Innovative plans map new path for developing nations
China’s efforts to balance sustainable, innovative economic growth with environmental protection is drawing a road map for other developing nations to follow, according to Indian consultant Pavan Sukhdev.
“By championing the green economy, China has embarked on an unenviable and rarely trodden path, the results of which will be the foundation of future growth models,” says Sukhdev, the founder of GIST Advisory in Mumbai.
He believes the efforts and support from the Chinese government show the confidence it has in devising innovative strategies that promote sustainable economic growth.
GIST Advisory, an offshoot of the Green Indian States Trust, an NGO promoting sustainable development, helps governments and corporations to evaluate their impact on humans and the natural environment.

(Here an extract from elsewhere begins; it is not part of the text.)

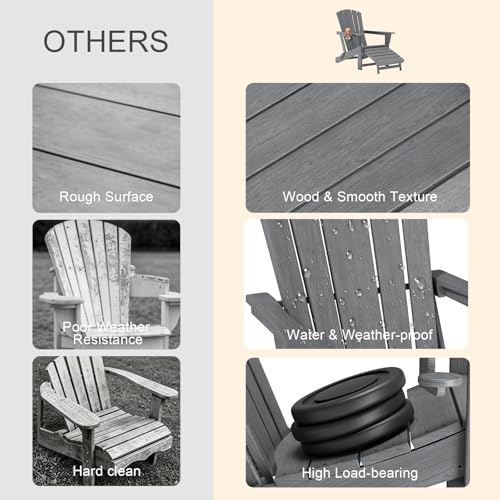 Polyhouz Folding Adirondack Chair with Retractable Ottoman,HDPE Outdoor Adirondack Chair with Cup Holder,All-Weather Lounge Chairs for Outside,Patio,Pool,Fire Pit,Grey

Sukhdev says China has taken up its responsibility as the world’s second-largest economy by setting the right tone for future development, as evidenced in its 13th FiveYear Plan (2016-20), which puts environmental conservation ahead of economic growth.
The plan comes at a time when there is a strong push to jump-start the global economy. However, he says several United Nations reports have used China as an example to show that this growth model can be achieved with the right political will.
“China has a big population and is seen as the world’s factory, which comes with a whole range of environmental and ecological challenges,” says Sukhdev, a goodwill ambassador for the UN Environment Programme. “But we can see that the country is well informed about the consequences of the ‘ brown economy’ and is building a resources saving and environmentally friendly society using well-researched concepts. And it is working.”
The 13th Five-Year Plan (2016-20) includes policies targeting renewable energy, energy efficiency and industrial production. Reports also indicate the country has met, or even surpassed, carbon emissions reduction goals in the 12th Five-Year Plan, and that the nation’s renewable energy industry is already booming.
“China has about 60 percent of the world’s solar heaters. Its solar energy industry is ahead and will probably dominate the global market,” Sukhdev says. “The green economy is opening up opportunities for Chinese entrepreneurs.”
Subsequently, he says, China is at the forefront of promoting capacity building to support the green economy, an area in which many countries are failing as they focus on fears of job losses and a small global market, rather than taking note of consumer trends.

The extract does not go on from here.